(INFORMATION PROVIDED begins)

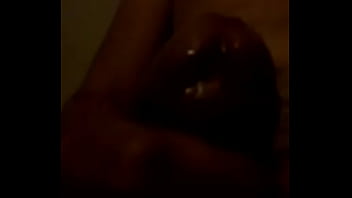 Cum lonely explotion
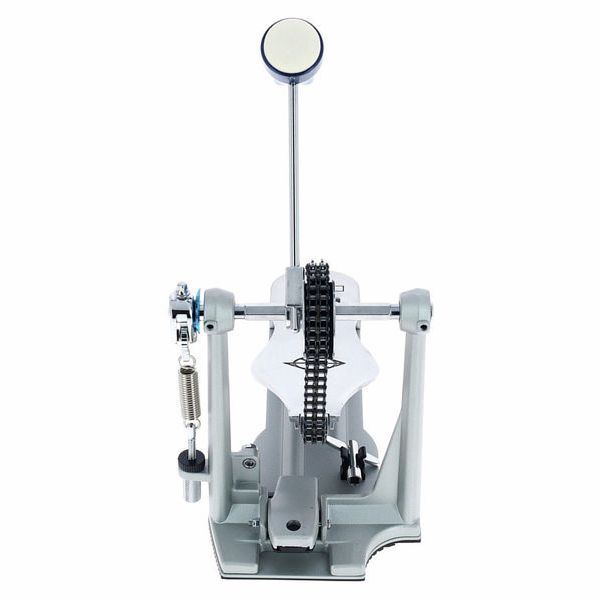 Dixon PP-P2 P2 Single Pedal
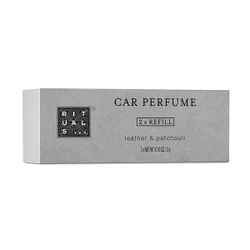 Life is a Journey Refill Sport Car Perfume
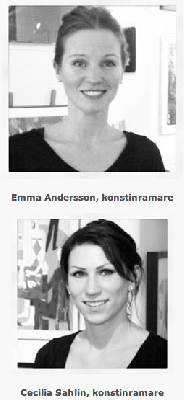 Skarmavbild-2012-11-13-kl.-19.06.57.png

(INFORMATION PROVIDED ends)

### TRY IT
The response must repeat all the lines above exactly and include no pictures.

### RESULT FOR THIS EXERCISE
 Cum lonely explotion
 Dixon PP-P2 P2 Single Pedal
 Life is a Journey Refill Sport Car Perfume
 Skarmavbild-2012-11-13-kl.-19.06.57.png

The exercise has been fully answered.